1. Respect Your Rythms
We all have periods of the day that are more or less creative. Our biorhythms determine whether we are night owls or early birds and you’ll get more done if you recognise which one you are. Organise your day around your creative rhythm. If you need to unleash your creativity for an exciting brief then protect the most productive periods of your day. This period of time is your seam of gold – it’s where the truly inspired design work takes place. Be ruthless: remove all distractions, switch on voicemail and really focus. Save meetings and admin for the times of day when you’re feeling least creative. Respect your rhythms, and make sure that others respect them too.
2. Stay on Top of the Admin
Organisation can feel like a drag: there’s very little creative buzz to be gained from sorting through your email.
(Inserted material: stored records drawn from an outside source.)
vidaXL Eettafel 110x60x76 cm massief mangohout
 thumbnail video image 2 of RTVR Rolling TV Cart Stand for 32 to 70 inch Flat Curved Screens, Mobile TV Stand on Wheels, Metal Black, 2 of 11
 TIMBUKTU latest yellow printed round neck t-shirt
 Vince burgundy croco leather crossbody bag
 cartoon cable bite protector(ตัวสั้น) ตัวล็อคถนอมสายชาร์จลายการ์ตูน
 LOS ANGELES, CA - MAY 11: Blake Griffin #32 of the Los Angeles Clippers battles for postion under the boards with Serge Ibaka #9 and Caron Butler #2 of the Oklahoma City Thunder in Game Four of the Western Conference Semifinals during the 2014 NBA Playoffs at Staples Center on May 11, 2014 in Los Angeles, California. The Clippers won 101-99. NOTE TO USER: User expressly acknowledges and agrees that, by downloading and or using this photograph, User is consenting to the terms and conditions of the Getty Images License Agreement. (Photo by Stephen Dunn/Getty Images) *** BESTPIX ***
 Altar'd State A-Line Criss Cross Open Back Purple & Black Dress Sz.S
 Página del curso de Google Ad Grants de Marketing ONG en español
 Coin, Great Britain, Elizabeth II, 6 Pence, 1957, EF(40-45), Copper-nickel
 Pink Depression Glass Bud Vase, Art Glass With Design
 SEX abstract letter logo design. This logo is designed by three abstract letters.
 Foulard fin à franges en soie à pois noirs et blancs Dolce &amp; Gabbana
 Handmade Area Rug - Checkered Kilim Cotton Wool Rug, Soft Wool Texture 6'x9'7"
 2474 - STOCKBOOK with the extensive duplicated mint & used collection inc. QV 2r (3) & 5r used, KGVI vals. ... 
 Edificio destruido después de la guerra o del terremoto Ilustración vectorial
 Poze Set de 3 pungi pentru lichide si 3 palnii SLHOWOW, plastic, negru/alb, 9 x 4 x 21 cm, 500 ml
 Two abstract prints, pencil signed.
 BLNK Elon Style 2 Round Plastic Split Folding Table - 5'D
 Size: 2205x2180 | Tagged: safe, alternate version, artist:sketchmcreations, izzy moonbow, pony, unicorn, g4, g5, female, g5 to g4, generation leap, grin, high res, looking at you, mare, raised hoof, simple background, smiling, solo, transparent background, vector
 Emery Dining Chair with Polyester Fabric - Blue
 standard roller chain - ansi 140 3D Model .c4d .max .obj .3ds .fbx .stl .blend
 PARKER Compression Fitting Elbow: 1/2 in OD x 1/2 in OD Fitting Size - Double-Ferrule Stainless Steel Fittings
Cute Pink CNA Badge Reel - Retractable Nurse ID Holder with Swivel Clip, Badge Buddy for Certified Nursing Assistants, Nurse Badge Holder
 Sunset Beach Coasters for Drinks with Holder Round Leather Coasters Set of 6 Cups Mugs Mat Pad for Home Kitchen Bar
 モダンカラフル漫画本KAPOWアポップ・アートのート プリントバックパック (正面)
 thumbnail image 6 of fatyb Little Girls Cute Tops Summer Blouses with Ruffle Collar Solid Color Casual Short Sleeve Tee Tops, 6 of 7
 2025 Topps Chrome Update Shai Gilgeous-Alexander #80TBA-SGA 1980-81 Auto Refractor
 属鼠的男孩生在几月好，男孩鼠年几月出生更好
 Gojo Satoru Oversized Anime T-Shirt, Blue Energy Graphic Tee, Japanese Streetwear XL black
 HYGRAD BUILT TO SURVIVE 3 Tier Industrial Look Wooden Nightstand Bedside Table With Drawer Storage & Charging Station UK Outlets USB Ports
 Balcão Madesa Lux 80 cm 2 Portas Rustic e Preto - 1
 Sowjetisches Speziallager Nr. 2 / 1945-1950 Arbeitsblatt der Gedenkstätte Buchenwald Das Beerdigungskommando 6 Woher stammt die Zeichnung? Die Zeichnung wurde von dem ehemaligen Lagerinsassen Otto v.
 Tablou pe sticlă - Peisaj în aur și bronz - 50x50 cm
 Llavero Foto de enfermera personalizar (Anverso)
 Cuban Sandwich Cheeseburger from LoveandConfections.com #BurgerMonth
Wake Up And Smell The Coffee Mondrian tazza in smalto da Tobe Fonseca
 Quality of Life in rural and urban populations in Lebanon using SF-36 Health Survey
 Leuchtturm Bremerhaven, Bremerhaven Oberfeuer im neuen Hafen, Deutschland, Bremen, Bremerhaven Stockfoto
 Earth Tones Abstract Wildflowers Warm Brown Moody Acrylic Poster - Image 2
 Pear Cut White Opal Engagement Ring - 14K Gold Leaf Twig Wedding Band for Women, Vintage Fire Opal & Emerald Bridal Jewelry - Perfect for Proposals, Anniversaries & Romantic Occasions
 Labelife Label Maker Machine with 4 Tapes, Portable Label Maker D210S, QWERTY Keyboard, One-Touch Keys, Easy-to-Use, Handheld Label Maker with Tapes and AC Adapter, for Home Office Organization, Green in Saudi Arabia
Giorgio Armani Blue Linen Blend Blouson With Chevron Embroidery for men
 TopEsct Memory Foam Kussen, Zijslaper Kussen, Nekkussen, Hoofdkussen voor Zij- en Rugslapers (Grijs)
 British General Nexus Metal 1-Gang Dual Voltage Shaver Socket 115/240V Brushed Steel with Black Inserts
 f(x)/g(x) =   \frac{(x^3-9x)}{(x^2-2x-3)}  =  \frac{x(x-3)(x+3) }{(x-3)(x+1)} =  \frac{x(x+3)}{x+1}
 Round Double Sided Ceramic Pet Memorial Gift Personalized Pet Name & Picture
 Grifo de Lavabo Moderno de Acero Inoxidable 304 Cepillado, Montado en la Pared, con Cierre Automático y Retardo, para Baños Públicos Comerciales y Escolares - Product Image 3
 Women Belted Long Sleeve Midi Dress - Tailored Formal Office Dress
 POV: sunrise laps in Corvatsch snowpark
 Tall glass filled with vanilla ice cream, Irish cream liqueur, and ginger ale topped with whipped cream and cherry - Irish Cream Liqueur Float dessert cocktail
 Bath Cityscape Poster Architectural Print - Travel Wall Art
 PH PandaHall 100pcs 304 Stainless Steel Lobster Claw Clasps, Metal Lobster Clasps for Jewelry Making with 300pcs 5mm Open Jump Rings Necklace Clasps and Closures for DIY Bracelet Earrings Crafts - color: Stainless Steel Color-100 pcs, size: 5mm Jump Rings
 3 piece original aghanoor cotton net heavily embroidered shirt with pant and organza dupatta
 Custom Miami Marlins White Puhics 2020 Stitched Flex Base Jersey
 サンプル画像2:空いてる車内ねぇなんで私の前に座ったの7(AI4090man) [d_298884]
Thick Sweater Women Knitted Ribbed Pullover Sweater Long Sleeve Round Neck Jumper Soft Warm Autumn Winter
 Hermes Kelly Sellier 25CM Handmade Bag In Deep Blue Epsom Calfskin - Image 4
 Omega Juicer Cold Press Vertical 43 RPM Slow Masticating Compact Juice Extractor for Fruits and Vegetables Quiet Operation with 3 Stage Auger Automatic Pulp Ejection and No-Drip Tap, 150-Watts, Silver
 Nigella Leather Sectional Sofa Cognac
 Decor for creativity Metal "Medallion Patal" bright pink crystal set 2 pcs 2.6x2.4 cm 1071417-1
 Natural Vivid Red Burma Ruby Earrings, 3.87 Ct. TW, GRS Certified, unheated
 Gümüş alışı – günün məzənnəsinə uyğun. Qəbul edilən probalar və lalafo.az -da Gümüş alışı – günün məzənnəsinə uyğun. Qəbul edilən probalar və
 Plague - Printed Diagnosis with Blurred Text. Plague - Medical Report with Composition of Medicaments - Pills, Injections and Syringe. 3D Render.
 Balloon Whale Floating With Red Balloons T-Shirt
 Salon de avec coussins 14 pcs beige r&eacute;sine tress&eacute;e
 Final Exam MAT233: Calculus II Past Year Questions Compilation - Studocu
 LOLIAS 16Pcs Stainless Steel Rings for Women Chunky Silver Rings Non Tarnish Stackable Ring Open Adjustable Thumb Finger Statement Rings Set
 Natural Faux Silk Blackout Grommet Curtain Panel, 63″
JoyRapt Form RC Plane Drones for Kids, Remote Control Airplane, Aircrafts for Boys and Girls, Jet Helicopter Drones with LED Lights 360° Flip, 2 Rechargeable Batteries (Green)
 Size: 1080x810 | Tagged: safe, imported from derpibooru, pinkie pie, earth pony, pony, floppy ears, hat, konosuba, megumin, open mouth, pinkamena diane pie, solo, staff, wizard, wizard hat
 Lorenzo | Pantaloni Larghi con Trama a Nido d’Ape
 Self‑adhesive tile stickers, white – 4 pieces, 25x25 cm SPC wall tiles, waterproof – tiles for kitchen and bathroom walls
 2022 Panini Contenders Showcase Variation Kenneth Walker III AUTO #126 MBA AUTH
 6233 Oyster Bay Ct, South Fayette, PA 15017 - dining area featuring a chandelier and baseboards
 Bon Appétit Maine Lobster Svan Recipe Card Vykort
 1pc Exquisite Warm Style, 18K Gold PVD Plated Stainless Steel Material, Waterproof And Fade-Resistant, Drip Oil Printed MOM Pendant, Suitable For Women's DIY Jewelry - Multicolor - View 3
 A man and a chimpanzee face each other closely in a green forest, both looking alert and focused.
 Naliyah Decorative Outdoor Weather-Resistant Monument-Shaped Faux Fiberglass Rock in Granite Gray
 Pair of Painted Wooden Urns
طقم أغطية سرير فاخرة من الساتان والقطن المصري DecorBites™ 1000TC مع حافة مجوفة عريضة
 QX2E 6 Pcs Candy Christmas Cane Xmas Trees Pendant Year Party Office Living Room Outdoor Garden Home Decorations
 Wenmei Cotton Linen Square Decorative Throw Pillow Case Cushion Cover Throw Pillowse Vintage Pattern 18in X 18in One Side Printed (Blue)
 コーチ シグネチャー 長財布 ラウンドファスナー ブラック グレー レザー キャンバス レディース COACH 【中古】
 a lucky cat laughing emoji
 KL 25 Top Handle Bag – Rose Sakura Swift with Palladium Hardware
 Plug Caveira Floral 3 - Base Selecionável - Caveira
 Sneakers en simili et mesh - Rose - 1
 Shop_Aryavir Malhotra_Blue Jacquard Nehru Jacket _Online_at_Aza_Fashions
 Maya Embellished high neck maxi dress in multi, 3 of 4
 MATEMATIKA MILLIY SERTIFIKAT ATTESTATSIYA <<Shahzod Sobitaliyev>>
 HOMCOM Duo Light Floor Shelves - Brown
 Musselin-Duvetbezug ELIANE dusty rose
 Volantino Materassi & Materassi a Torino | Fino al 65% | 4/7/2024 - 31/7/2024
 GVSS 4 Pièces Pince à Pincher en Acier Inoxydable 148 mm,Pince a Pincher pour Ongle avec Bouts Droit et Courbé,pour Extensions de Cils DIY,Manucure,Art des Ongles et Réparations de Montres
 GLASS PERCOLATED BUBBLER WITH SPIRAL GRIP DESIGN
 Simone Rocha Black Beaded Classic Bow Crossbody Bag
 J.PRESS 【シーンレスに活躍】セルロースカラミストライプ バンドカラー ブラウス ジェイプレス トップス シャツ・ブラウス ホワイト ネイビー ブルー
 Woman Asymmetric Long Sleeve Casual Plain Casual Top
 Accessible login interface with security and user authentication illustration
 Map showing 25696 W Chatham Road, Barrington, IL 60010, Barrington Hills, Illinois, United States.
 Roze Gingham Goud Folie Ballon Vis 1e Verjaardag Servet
But respect your rhythms (see above) and use your “downtime” to stay on top of administration. Little and often is the way. Set aside an hour or two for invoicing every fortnight and do it in bulk. Use only tools like QuickBooks to take the pressure of administration away from you. Look for the tools that suit the way you work, from task-list organisers like Remember the Milk to the power-user features of your electronic calendar. Spend some time setting up mail filters and canned replies that will help you to speed your way through your correspondence.
3. Don’t Just Do Stuff, Get Stuff Done!
There is an important difference between working hard and getting things done. You should always know what your goals are for the short, medium, and long term. Keep them visible and up to date: design yourself a short mission statement and hang it somewhere visible. Focus your efforts on those tasks that tie in with your mission – if you’re investing in something that isn’t one of your most important goals, stop doing it and switch to something else.
4. Don’t Confuse “Urgent” and “Important”
Throughout human history, urgent and important have been interchangeable: if you were about to get eaten by a bear then that was pretty urgent and pretty important! While our lives have changed, our minds haven’t and our brains still seize on the urgent-seeming interruption and forget all about the things that are less urgent but much more important. Modern life surrounds us with things that demand our attention but that aren’t important: phone calls, emails, meetings: these things can drain all of your creative energy if you let them. Print out the Urgent/Important Matrix (Figure 1) and keep it somewhere handy. When an urgent request lands in your inbox, check it off against the grid. Things that are urgent but not important are interruptions: avoid them at all costs!
5. Know the Value of Your Time
As a designer you’ve spent years honing your talent in one particular direction. Your creative energies should be spent only on those things that you do best. Consider delegating anything that doesn’t fit with your unique skill set.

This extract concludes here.